The reply needs the lines from the one containing "图片 小狗咳嗽能打疫苗吗？专业兽医详细解答疫苗时间、注意事项及应对措施" through the end of the material, each repeated exactly, and no pictures.

══ Recorded data

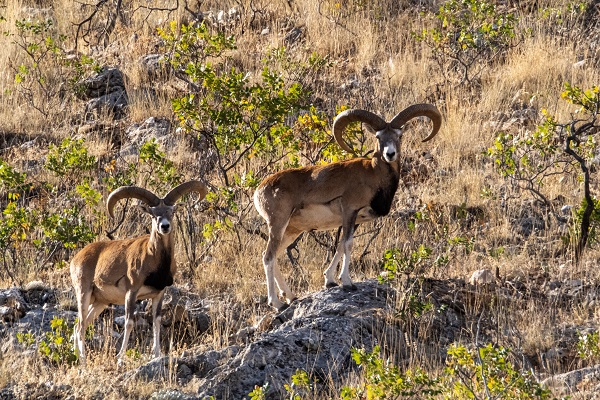 Foto - Bozkırın göz bebeği: Anadolu yaban koyunları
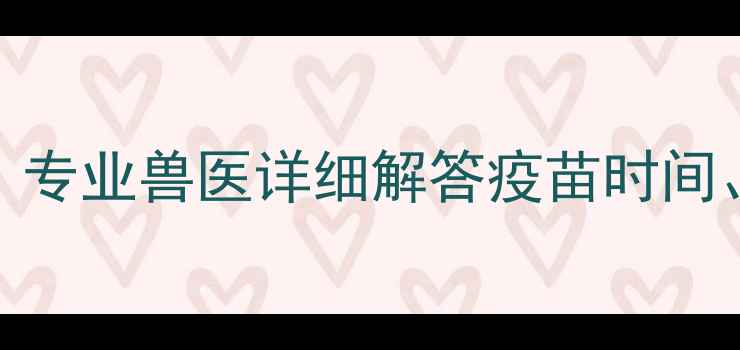图片 小狗咳嗽能打疫苗吗？专业兽医详细解答疫苗时间、注意事项及应对措施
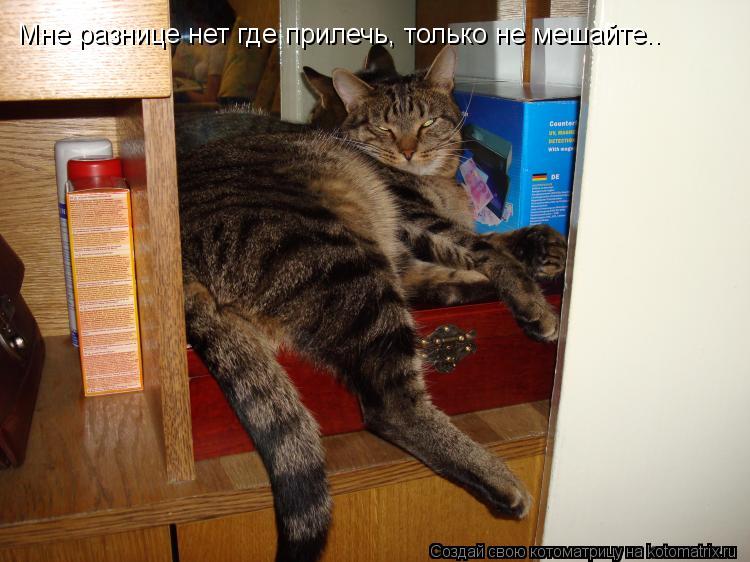 Котоматрица: Мне разнице нет где прилечь, только не мешайте..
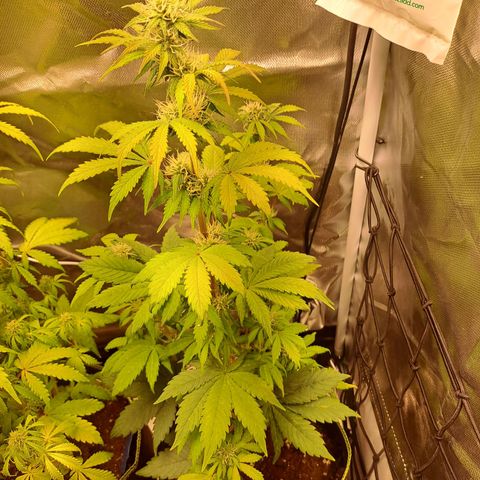 Caramellow Kush growlog timeline photo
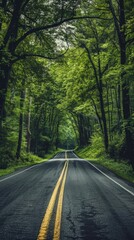 Obraz premium Empty road through lush green forest, curved pathway. Nature and serenity concept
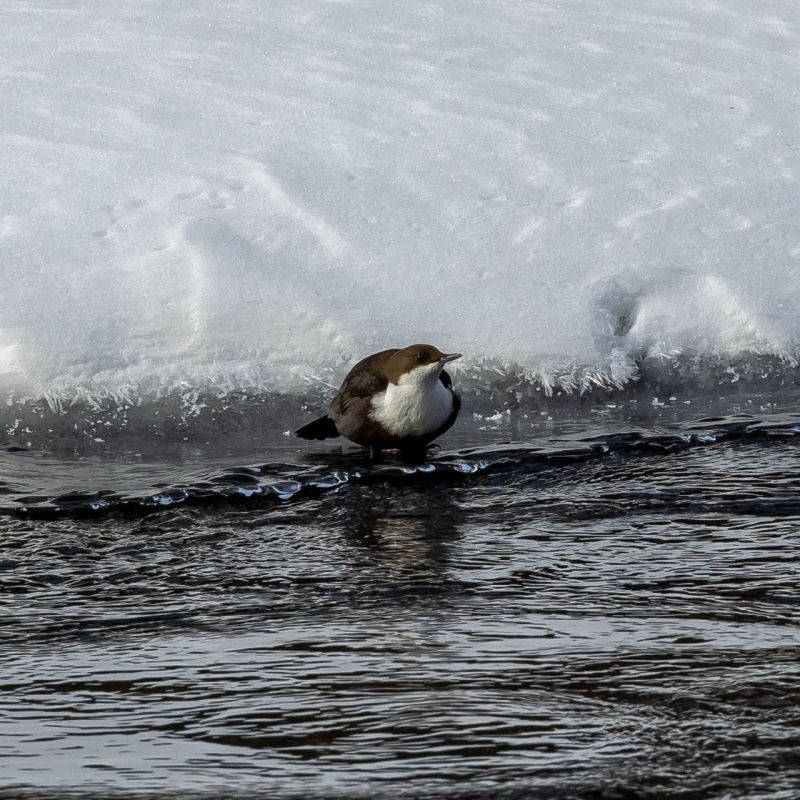 � �������� ���������� �������� ������������ ������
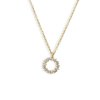 Pozlacený náhrdelník s kruhem a zirkony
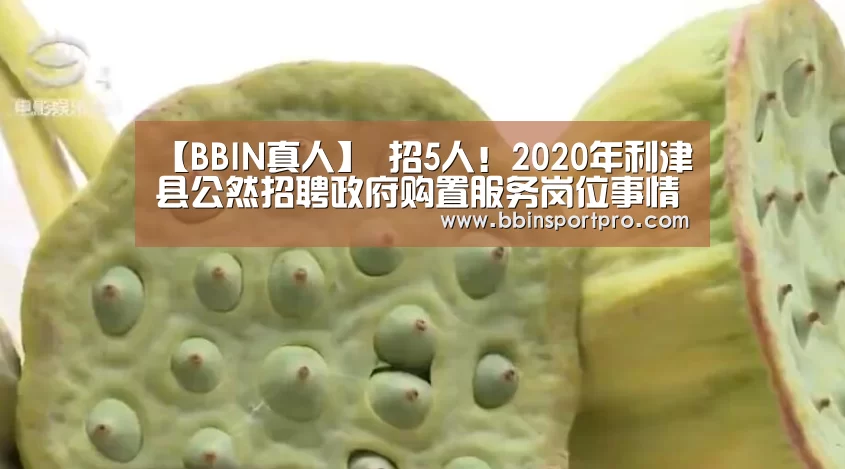 【BBIN真人】
招5人!2020年利津县公然招聘政府购置服务岗位事情人员简章(图1) BBIN棋牌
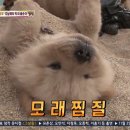 동물농장 차우차우 가족의 모래찜질ㅋㅋㅋㅋㅋㅋ 이미지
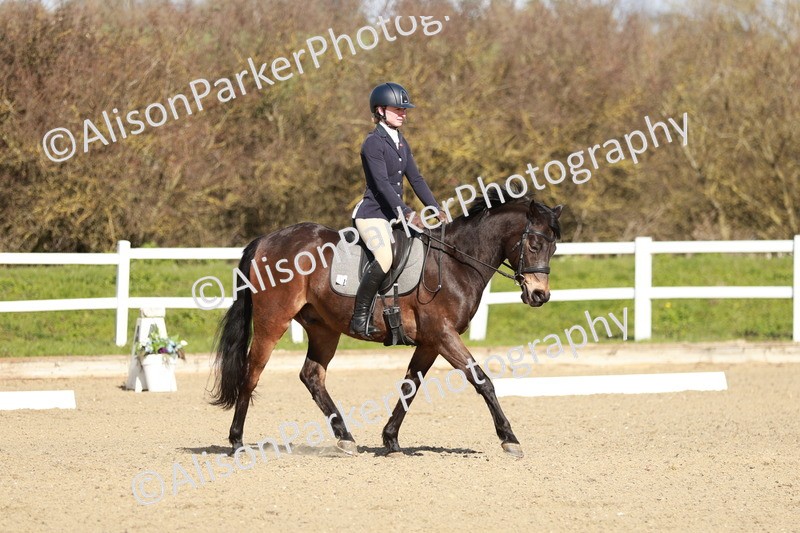 20260314-4322 - DR4 - Prelim 2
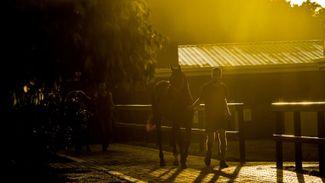 Five things we learned from the yearling sales on the Gold Coast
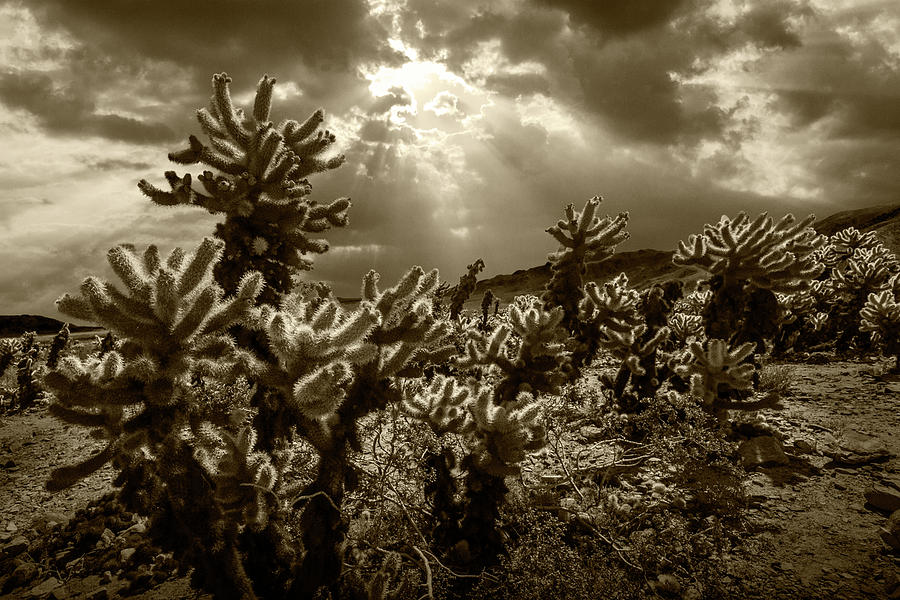 Sepia Tone of Cholla Cactus Garden bathed in Sunlight Photograph by Randall Nyhof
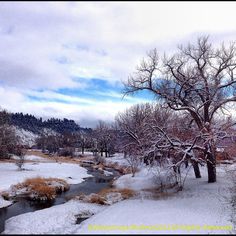 a snowy landscape with trees and water in the foreground, surrounded by snow covered ground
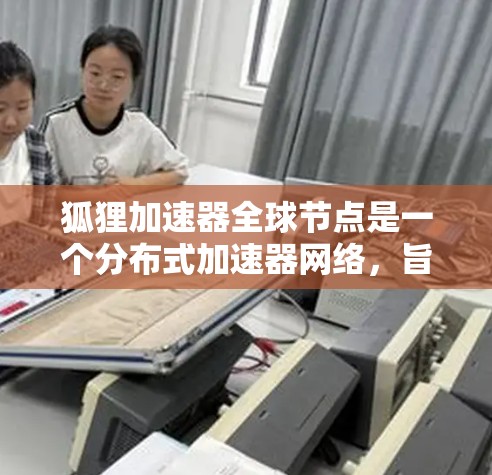 狐狸加速器全球节点是一个分布式加速器网络，旨在提升机器学习模型训练的效率和性能。以下是对该项目的主要内容的详细分析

════

▶ [Exercise response]
图片 小狗咳嗽能打疫苗吗？专业兽医详细解答疫苗时间、注意事项及应对措施
 Котоматрица: Мне разнице нет где прилечь, только не мешайте..
 Caramellow Kush growlog timeline photo
 Obraz premium Empty road through lush green forest, curved pathway. Nature and serenity concept
 � �������� ���������� �������� ������������ ������
 Pozlacený náhrdelník s kruhem a zirkony
 【BBIN真人】
招5人!2020年利津县公然招聘政府购置服务岗位事情人员简章(图1) BBIN棋牌
 동물농장 차우차우 가족의 모래찜질ㅋㅋㅋㅋㅋㅋ 이미지
 20260314-4322 - DR4 - Prelim 2
 Five things we learned from the yearling sales on the Gold Coast
 Sepia Tone of Cholla Cactus Garden bathed in Sunlight Photograph by Randall Nyhof
 a snowy landscape with trees and water in the foreground, surrounded by snow covered ground
 狐狸加速器全球节点是一个分布式加速器网络，旨在提升机器学习模型训练的效率和性能。以下是对该项目的主要内容的详细分析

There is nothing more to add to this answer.